One of my great memories is of church in the Maasai villages. Now, if I am going to be totally one hundred percent honest, I kind of have to address this from my perspective as a child and my perspective as a grown woman looking back.
Sunday morning: I would get up and get dressed. The appropriate clothing for church in the village is a sturdy, long skirt/dress (usually denim), a lightweight t-shirt, socks and good walking shoes. Attractive? Well, if you know me, you know I’m ever the style-conscious fashion plate. The point is, the clothes needed to be comfortable enough to sit on the ground modestly and walk a good distance.

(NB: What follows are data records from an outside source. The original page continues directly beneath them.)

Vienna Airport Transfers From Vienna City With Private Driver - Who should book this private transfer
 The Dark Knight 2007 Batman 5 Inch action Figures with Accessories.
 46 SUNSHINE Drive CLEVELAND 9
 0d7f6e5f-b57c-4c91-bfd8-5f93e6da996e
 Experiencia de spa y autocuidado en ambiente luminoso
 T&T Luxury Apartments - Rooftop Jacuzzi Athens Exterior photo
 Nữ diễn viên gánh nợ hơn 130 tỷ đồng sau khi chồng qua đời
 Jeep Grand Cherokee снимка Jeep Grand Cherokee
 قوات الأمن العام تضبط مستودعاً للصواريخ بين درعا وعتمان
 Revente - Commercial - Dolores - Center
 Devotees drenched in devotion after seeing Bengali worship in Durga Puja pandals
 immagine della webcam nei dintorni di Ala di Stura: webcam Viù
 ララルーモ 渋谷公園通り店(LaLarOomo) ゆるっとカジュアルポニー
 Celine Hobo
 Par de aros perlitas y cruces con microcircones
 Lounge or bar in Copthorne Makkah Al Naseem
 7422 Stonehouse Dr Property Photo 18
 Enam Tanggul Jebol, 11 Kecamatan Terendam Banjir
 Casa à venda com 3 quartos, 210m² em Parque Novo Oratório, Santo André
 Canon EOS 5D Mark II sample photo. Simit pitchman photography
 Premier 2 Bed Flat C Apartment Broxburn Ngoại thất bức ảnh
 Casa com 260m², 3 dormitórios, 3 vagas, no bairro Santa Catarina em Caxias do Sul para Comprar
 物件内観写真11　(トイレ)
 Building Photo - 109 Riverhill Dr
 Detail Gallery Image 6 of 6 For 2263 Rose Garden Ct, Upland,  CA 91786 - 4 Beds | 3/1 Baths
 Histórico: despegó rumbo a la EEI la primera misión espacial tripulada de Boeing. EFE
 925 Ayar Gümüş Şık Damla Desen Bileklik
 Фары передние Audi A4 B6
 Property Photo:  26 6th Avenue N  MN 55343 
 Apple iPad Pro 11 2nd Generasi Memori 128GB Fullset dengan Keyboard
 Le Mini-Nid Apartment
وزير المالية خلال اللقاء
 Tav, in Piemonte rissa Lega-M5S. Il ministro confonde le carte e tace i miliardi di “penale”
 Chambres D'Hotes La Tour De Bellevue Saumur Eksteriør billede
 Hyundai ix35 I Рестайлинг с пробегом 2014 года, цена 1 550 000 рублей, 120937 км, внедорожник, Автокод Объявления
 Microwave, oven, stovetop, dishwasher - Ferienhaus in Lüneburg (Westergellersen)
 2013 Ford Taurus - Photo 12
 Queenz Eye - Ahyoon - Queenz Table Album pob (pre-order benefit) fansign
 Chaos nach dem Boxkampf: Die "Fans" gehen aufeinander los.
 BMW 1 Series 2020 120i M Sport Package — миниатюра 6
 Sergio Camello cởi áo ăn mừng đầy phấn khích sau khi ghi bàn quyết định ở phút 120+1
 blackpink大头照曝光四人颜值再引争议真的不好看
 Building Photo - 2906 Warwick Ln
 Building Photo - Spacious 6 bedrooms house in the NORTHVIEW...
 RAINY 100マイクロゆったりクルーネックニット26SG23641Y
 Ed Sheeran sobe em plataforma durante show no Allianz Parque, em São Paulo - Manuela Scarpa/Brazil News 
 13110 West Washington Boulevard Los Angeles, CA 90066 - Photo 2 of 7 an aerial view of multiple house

There was no particularly set time for church to begin. Things started when a few people arrived and someone started singing. Singing time went from whenever someone started until someone stood up to preach. A sermon might last anywhere from 5 minutes to 1 hour. There is not one designated pastor, but several godly men who generally shared a thought or message.
We usually sat on the ground, women and children on one side and men on the other, as is culturally appropriate. As the service went on, the kids would gather closer and closer to me. They loved to touch my hair, rub my arms, touch my clothes, and hold my hand.
Honestly? As a child it bugged me. I kind of feel awful writing that. I just didn’t want to stand out. I wanted to sit with them and play with them and just not be different. A lot of times I felt hot and tired and I wanted to just go home.
Looking back, that’s not what stands out, though. I remember warmth of the sunshine on my back while the sounds of loud praises are raised to the sky. I remember trying desperately to read the words in the song book and keep up and being thrilled when they chose a song I’d memorized so I could join in. Whoever was preaching would stop mid-sentence to greet latecomers. I remember goats wandering through and nibbling on my shoes. There is no stained glass window backdrop more beautiful than a live thorn tree. There is no pew harder than the packed down earth. There is no better way to commune with my Father than to sit and worship Him in His beautiful creation. Welcomed into a community of people to join with them in joyfully praising one God who is bigger than culture, borders, language, and traditions.
Pure and simple, raw, beautiful, honest, worship.